── DATA ──

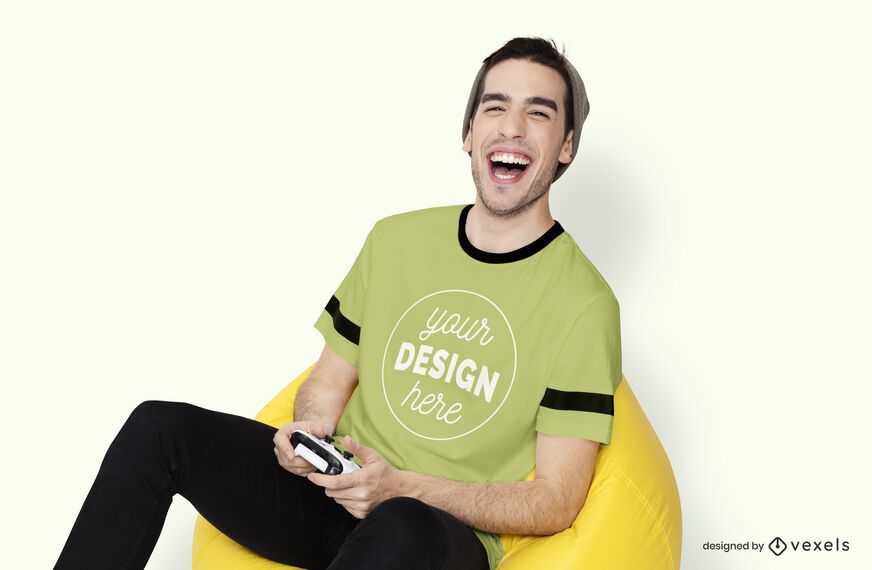 Download Gamer Guy T-shirt Mockup - PSD Mockup Download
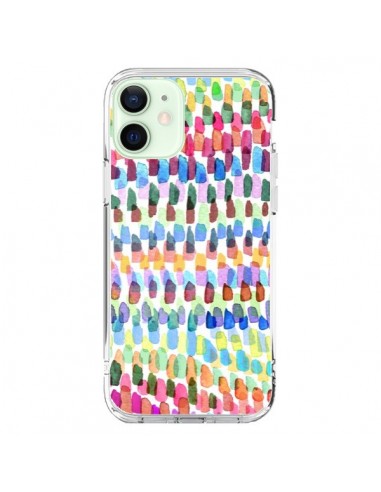 Coque iPhone 12 Mini Artsy Strokes Stripes Colorful - Ninola Design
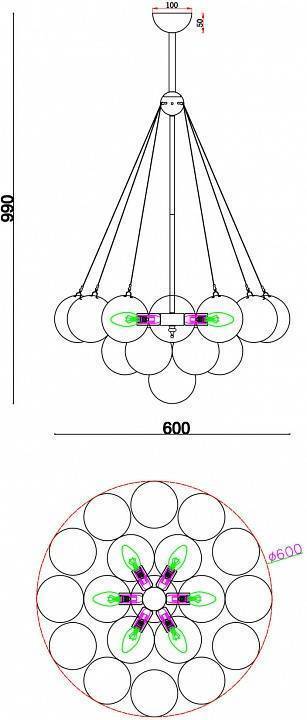 Люстра на штанге Freya Fiesta 6 ламп FR5231PL-06BS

───

__WORK ITEM__: Every line above is to be reproduced verbatim, and the pictures are to be omitted.

__EXERCISE RESPONSE__:
 Download Gamer Guy T-shirt Mockup - PSD Mockup Download
 Coque iPhone 12 Mini Artsy Strokes Stripes Colorful - Ninola Design
 Люстра на штанге Freya Fiesta 6 ламп FR5231PL-06BS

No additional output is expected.